**Work to be completed**
Once the line holding "Relaxation Spa Music" appears, repeat it and each line after it to the end of the data, exactly and with nothing else; pictures stay out.

**Stored data**
※ ※ ※

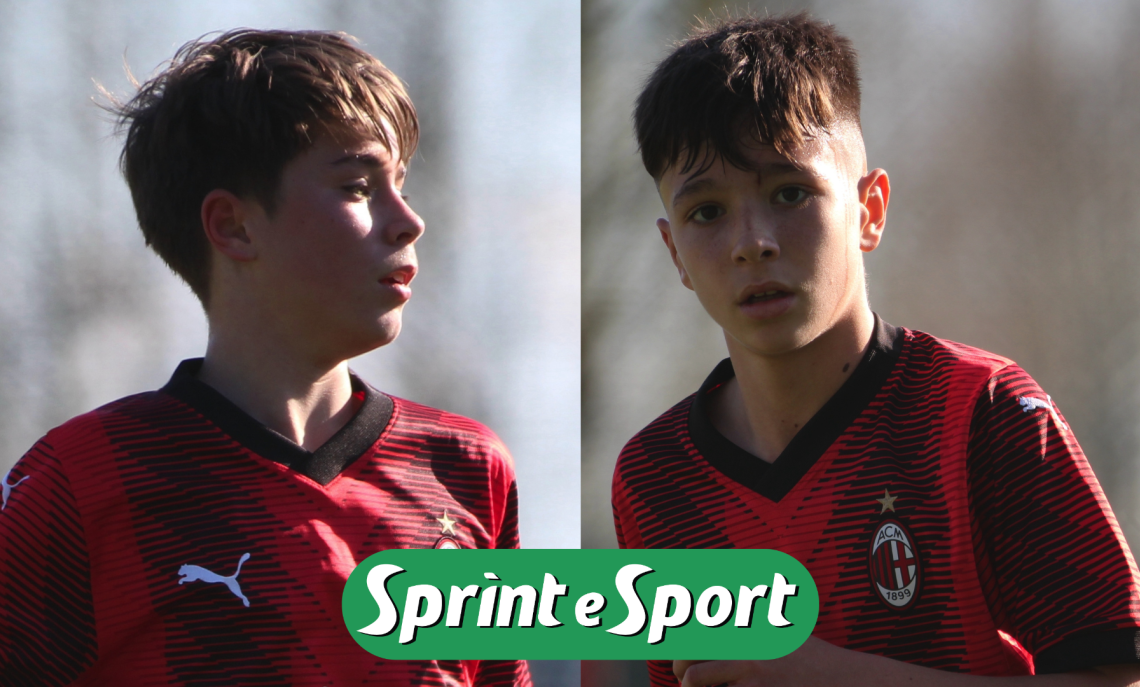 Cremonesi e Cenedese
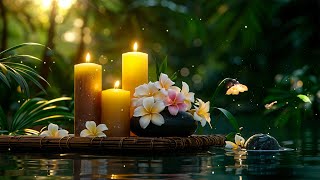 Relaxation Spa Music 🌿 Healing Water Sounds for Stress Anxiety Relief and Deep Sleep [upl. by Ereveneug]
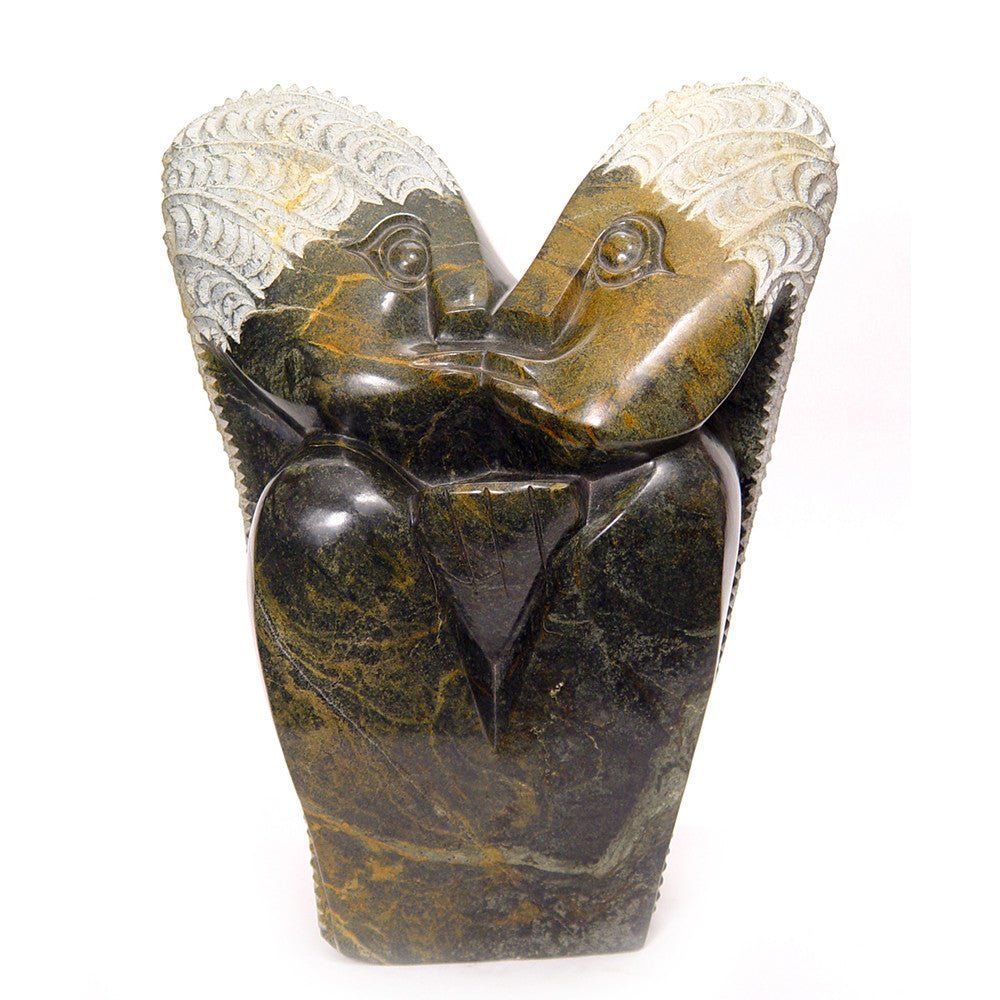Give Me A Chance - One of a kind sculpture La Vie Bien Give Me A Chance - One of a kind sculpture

※ ※ ※

**Exercise response**
 Relaxation Spa Music 🌿 Healing Water Sounds for Stress Anxiety Relief and Deep Sleep [upl. by Ereveneug]
Give Me A Chance - One of a kind sculpture La Vie Bien Give Me A Chance - One of a kind sculpture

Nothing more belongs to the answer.